User Acquisition
The process of gaining new users or customers. In early-stage startups, this almost always starts with manual, unscalable methods before transitioning to repeatable channels.
Phase 1: Founder-Led (Pre-PMF)
Before product-market-fit, the founder must personally acquire every user:
- Manual recruitment: Go door-to-door, email by email, demo by demo
- The Collison Installation: Don’t send a link — set people up on the spot (Stripe)
- Concierge onboarding: Personally help each user get value from the product
- Community infiltration: Go where your users are (Pinterest’s founder at design blogger conferences)
The goal is not scale — it’s learning.
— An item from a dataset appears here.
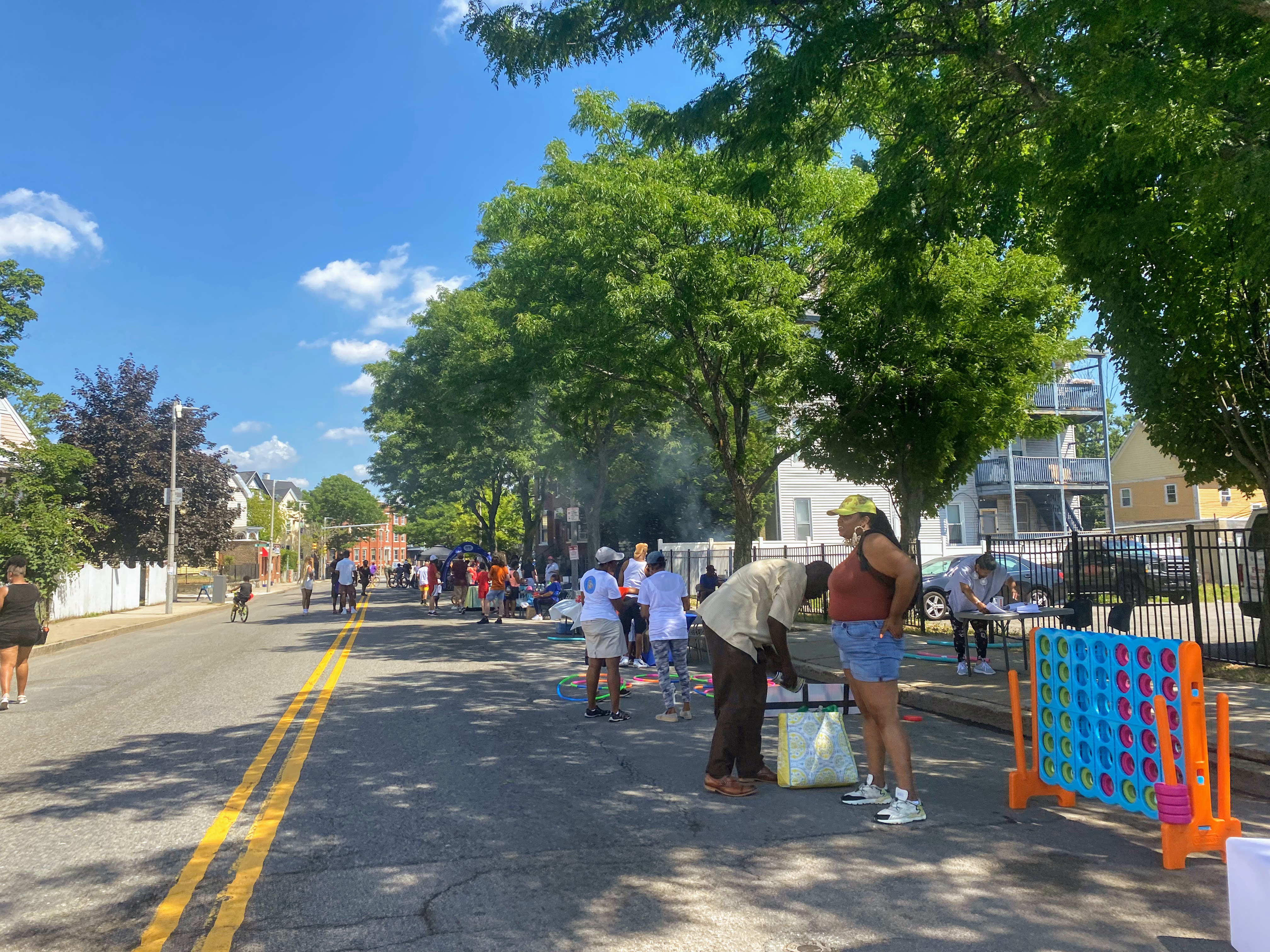 People walked and played on a stretch of Blue Hill Avenue closed off to car traffic this past Saturday in the Roxbury neighborhood as part of the City of Boston’s Open Streets series initiative. StreetsblogMASS was at the event during the morning portion when the heat index showed 94 degrees just before 11 a.m. Marcia, a Roxbury resident who was at the event accompanying her grandkids said, “the heat is too much, but you gotta stay hydrated. Do what you need to do.”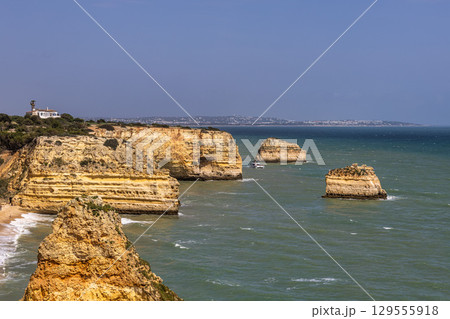 Praia da Marinha Beach among rock islets and cliffs seen from Seven Hanging Valleys Trail, Algarve, Portugal 129555918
Every conversation teaches you about your customer.
Phase 2: Founder-Led Sales (Post-PMF)
Once you have PMF, founders should still lead sales before hiring a team:
The 3Ws Framework
- Why Buy Anything? — Is the pain severe enough to motivate change?
- Why Buy Us? — What makes your solution better than alternatives?
- Why Buy Now? — What creates urgency?
Practical Advice
- Base conversations in empathy, not manipulation
- Disqualify aggressively — focus on prospects who will actually close
- Avoid premature product demos; ask discovery questions first
- Track deals like engineering problems (20% = answered 3Ws, 50% = action plan)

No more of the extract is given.